Один петербургский сон
По мокрой мостовой, аккурат против Зимнего Дворца, тревожно семенил взад-вперед моложавый Пушкин, сжимая удочку. Лютый петербуржский ветер так и норовил сорвать с его головы изящный цилиндр, но тот никак с кудрей Александра Сергеевича не слетал, а лишь подпрыгивал, что Пушкина невероятно раздражало.
- Ну и какого рожна тебе с ним надобно ходить? – исподлобья оглядела его Наталья Николаевна утром, вперив руки в бока. – Ты всё равно не простудишься. У тебя вон какая шевелюра, и не только на голове. Платки вязать можно.
Но Александр Сергеевич совсем её не слушал и продолжал невозмутимо орудовать прищепками на макушке и висках. Прицепив, наконец, головной убор, он надменно покосился на свою высоченную жену и, энергично выдохнув слово «Хамка!», отправился в парадное. Предавшись размышлениям о том, какая же из его рук красивей, он споткнулся на третьей ступеньке и пролетел кубарем все три лестничных пролета. Носом успел пересчитать ступени, их оказалось тридцать три. К концу лестничного вояжа нос пришел в негодность, и, недолго думая, Александр Сергеевич отцепил его, со злостью швырнул в морду какому-то толстому коту и выудил из кармана брюк новый. Склонившись над лужей, он ловко приладил его на место.
- Всё равно криво. Влево съезжает... Домой ни-ни. Гордым будь, гордым. А если ветер? Унесет же к черту! – бормотал Пушкин, дотошно исследуя свое зыбкое отражение.
Брякнув одно краткое словцо, Александр Сергеевич проклял всё на свете, вышел из кованых ворот и тут же застыл. Его вдруг сразила такой силы жалость к себе, что он тихо заплакал, но тут же вспомнил, что ему категорически нельзя плакать – нос из папье-маше этого не потерпит.
Александр Сергеевич вновь проклял всё и торопливо застучал тростью. Вместе с ним она прошагала до самой Невы. Каждый раз, занося ногу и трость, Пушкин обливался холодным потом. Мысли, изъеденные страхом, сплелись в ужасающей картине: скрипучий нос, уносимый ветром куда-то к Петропавловке, за Неву, опустевшее лицо, и чей-то потусторонний хохот, выросший из хихиканья в оглушительные раскаты...
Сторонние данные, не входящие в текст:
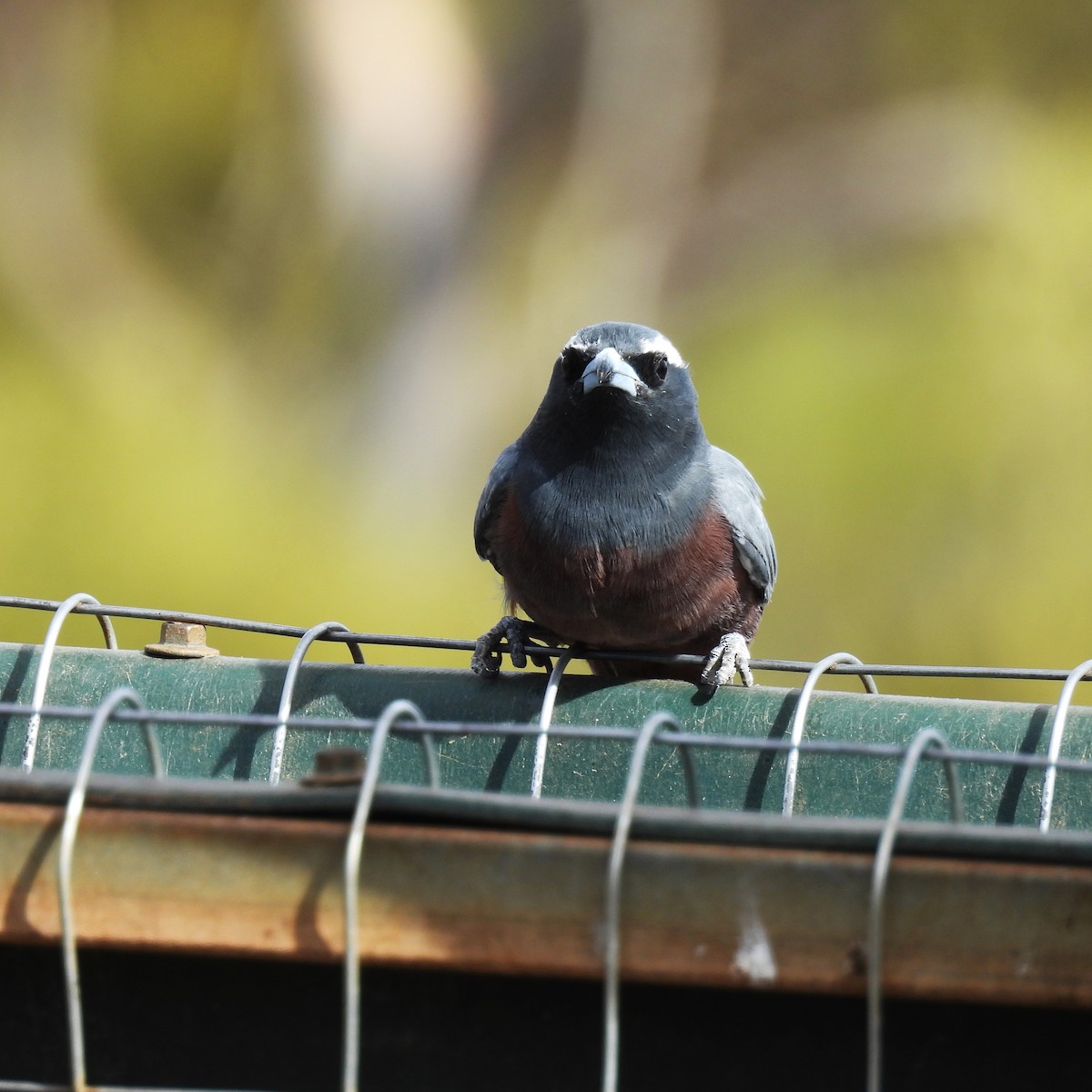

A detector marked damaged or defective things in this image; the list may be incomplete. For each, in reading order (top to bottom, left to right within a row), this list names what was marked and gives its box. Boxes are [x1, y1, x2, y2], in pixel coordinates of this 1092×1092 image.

rusted bolt [145, 622, 222, 655]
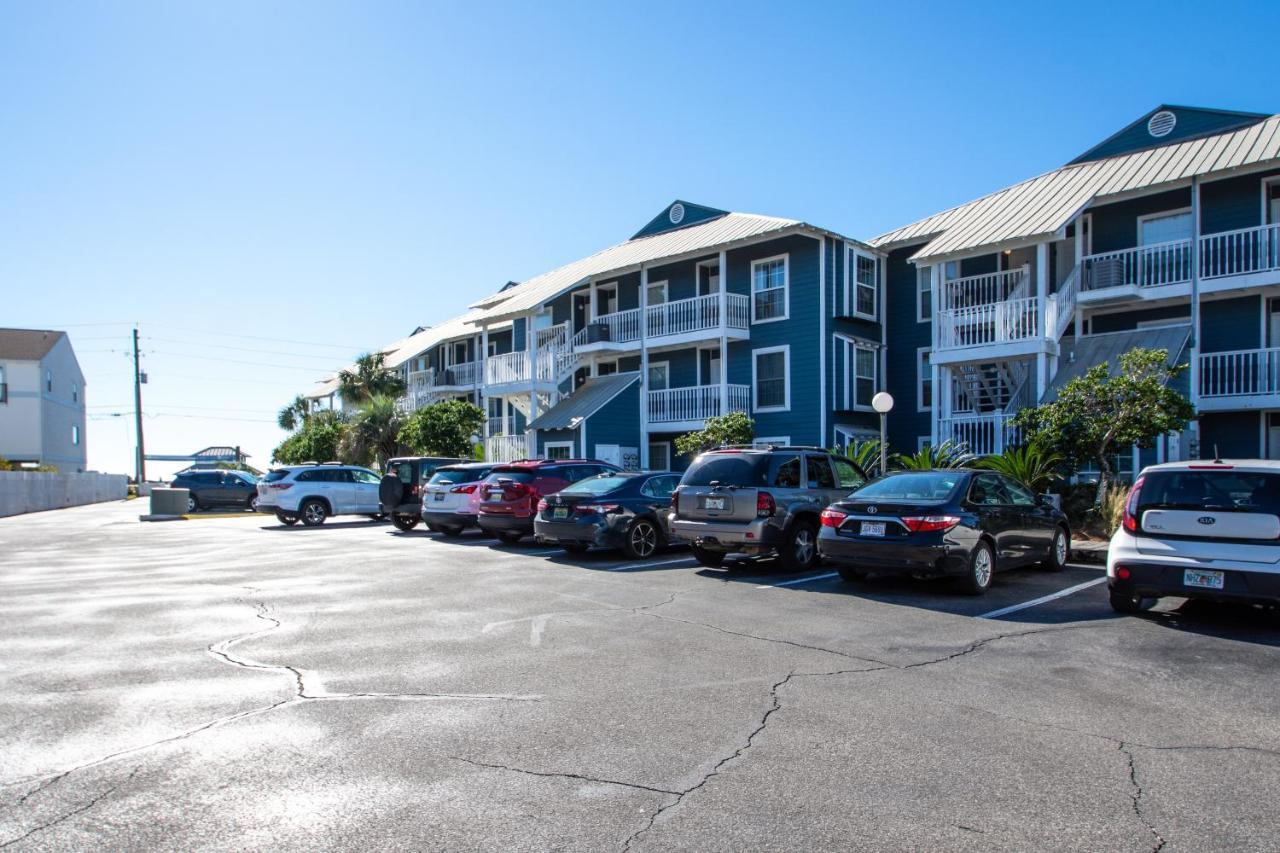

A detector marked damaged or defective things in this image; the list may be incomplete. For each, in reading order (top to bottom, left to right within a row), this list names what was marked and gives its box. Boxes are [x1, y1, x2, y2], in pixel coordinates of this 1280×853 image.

Вглядываясь в серую невскую рябь, Александр Сергеевич нервно повторял:
- Успел... Успел, успел, наверное! – и, раскрутив свою черную трость, брезгливо извлек удочку с уже повисшей на крючке наживкой в виде дохлой мыши.
Превозмогая отвращение, и кое-как закидывая удочку в Неву, он старался вспомнить каждое слово...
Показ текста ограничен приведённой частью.